From a psychoanalytic perspective, depression is an inability to grieve (or, in some cases, to grieve through), while mania is a denial of grief. Not everyone’s depressive or manic episodes may necessarily align with these explanations, however; people’s psyches function in so many diverse ways still mysterious to science, and different theories and frameworks resonate with some people more than others. I personally love psychoanalysis and find that it elucidates my own struggles and psychological patterns and has aided in my healing. Some people may find psychoanalysis unhelpful and prefer cognitive-behavioral, biomedical, or non-Western frameworks instead. Due to popular misconceptions that psychoanalysis is outdated and unsupported by empirical evidence (see this article published by the American Psychological Association for a discussion of research on modern psychoanalysis), I suspect that there are many more people who would benefit from psychoanalytic frameworks (and there are multiple) than are currently acquainted. Thus I share the knowledge I have gathered from my passionate reading, in hopes that some may benefit.
As a person diagnosed with bipolar disorder who also observes a hypomanic dynamic in their personality, I have been thinking of how I can relate better to my grief.
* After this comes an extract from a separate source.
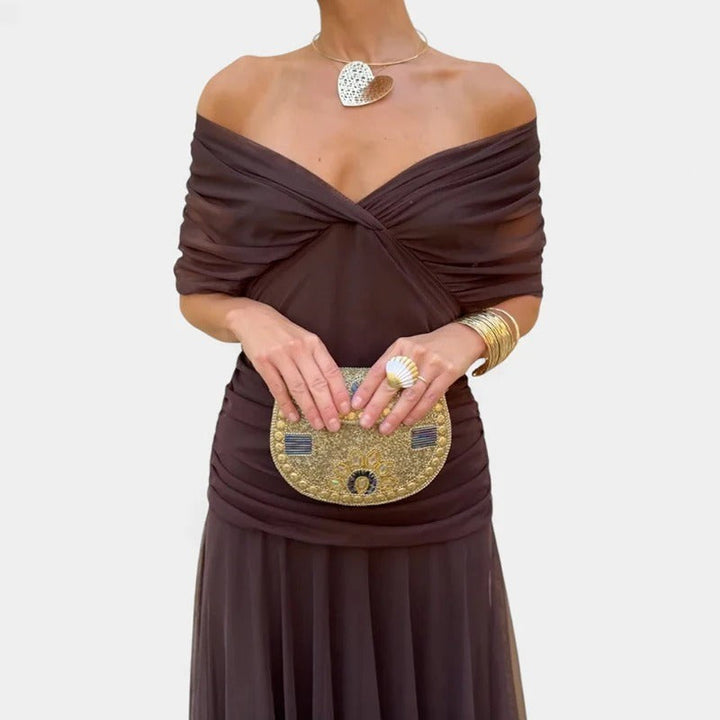 Willa | Spalle Scoperte Twist-Front Ruched Manica a Palloncino Maxi Abito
Some of my struggles in the past arose from my being so enthusiastic about change and forward motion that I forgot to acknowledge the grief and anxiety I also feel about change. I went onward and onward until I lost steam and the tides of grief came washing over, disorienting me and trapping me in my past.
I also think of how other members of my family relate to grief, for although no one else has experienced bipolar episodes, I don’t think anyone really has a healthy relationship to grief. Notably, my mother is somewhat death-phobic: when I was a child, she refused to let us have a pet that was not a fish because it would be too painful when the pet died, and she would not allow me to buy clothes at thrift stores because she didn’t want me to wear what was potentially a dead person’s clothing. When her father died early in the pandemic due to reasons unrelated to the pandemic, my father had the audacity to tell my mother and me to “get over it” only a few minutes after we learned the news. We never processed our grief as a family or performed any sort of ritual regarding this, even though this Chinese grandparent of mine had visited us in the U.S. two or three times during my childhood and was thus a person I somewhat knew. So I have not had very good models of how to grieve in my life. But that does not mean I cannot learn.
What are you grieving today? It may not be something major or a commonly acknowledged object of grief, and the loss may have occurred recently or long ago, over a brief or extended period of time. Sometimes we grieve what we never had: a stable family, a nourishing childhood, a life free from capitalism, oppression, and ecological destruction. I think of the Swarthmore College student I met in my first year of college who, on the day of a global climate strike, sat in front of the administrative building on campus with a sign inviting others to come and grieve. We speak so much of hope during times of darkness and crisis: what if we also reached down into the aquifers of grief, nourished and cleansed ourselves with truth-feeling tears? So much is lost already, and we must learn to live with loss. Otherwise, we become delusional, increasingly out-of-touch with our fellow beings and ourselves.